The aim of the Restructuring Regulation is to establish a set of common rules and procedures to enable the turnaround of businesses by restructuring their financial debts. The Restructuring Regulation provides that the detailed rules and available restructuring methods are to be set out in framework agreements (the “Framework Agreements”) to be prepared by the Turkish Banks’ Association which are to apply generically to determined sectors and/or companies of certain size. Specific company restructurings will then be implemented under restructuring agreements entered into by the relevant company and its creditors. This follows a previous practice implemented in the aftermath the 2001 financial crisis, known as the “Istanbul Approach”.

The first of the Framework Agreements entered into force from 19 September 2018 upon approval by the BRSA having been reportedly signed by banks and other financial institutions holding 90% of the existing loan portfolio in Turkey. There may be more Framework Agreements as the applicable legislation refers to the possibility of “sector-specific” framework agreements, each subject to the BRSA’s approval to take effect.

With both the Restructuring Regulation and the first Framework Agreement now in place and effective, the BRSA has prepared a draft law on the restructuring of debts owed to the financial sector (the “Draft Restructuring Law”). The Draft Restructuring Law essentially confirms the restructuring rules under the Restructuring Regulation and introduces additional elements. The scope of the Draft Restructuring Law is to elevate the Restructuring Regulation to the force of law and this enables additional measures such as tax and other incentives to be added to the restructuring framework.

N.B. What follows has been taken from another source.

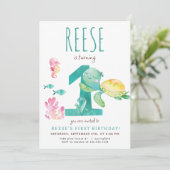 シータートルファースト誕生日招待状 招待状 (スタンド正面)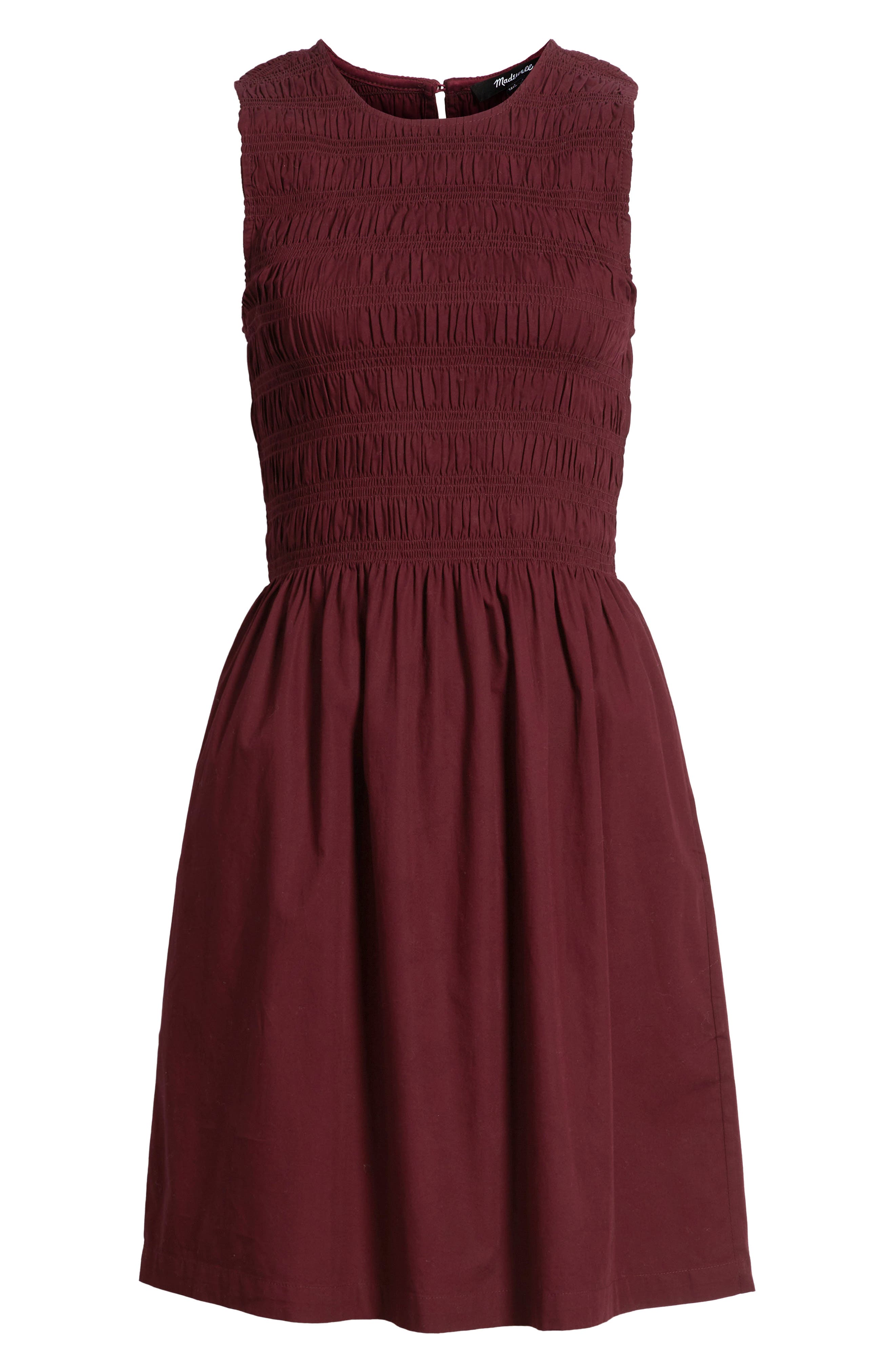madewell burgundy dress Women's The Melody Smocked Minidress - Red Mini dresses Warning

Major principles underlined in the Draft Restructuring Law, the Regulation and the first Framework Agreement can be summarised as follows:

  • The companies that can seek to restructure their financial indebtedness under the new restructuring rules (the “Qualified Debtors”) are those companies which (i) owe more than TRY 100,000,000 to banks, factoring companies, leasing companies or financing companies in Turkey (the “Creditors”), either as cash or non-cash loans; (ii) are not subject to pending execution proceedings initiated for more than 25% of the debt qualified for financial restructuring; (iii) are not declared bankrupt; and (iv) are able to demonstrate conclusively that the restructuring will result in repayment of the outstanding indebtedness.
  • To achieve restructuring, each Qualified Debtor and its Creditors shall enter into a restructuring agreement (the “Restructuring Agreement”) within two years from the execution of the corresponding Framework Agreement. The Restructuring Agreement shall cover the terms and conditions of the restructuring. These may include new facilities being extended, accrued interest or portion of principal amount being waived, forced sale of assets etc.
  • A Restructuring Agreement signed by Creditors holding two thirds of a Qualified Debtor’s receivables is binding on the remaining Creditors, provided such Creditors are a party to the Framework Agreement.
  • Once a Restructuring Agreement has been entered into, any ongoing execution proceedings against such Qualified Debtor shall be suspended and no new proceedings shall be initiated henceforth, including the proceedings to collect public receivables (such as taxes or social security contributions). Furthermore, court decisions on interim injunctions and attachments shall no longer be enforceable and periods of prescription and statute of limitation shall come to a halt.
  • The Draft Restructuring Law proposes that the Framework Agreements and the Restructuring Agreement shall be exempt from certain taxes and duties such as stamp duty, banking and insurance transaction tax, resource utilization support fund etc. Such exemptions would also apply to the disposal of assets acquired by the Creditors on the basis of a Restructuring Agreement.

As shown above, the Turkish banking authorities have reacted swiftly to ensure a restructuring framework is in place and supported by market players. It now remains to be seen how the implementation in practice will unfold and help further develop and fine-tune the regulations.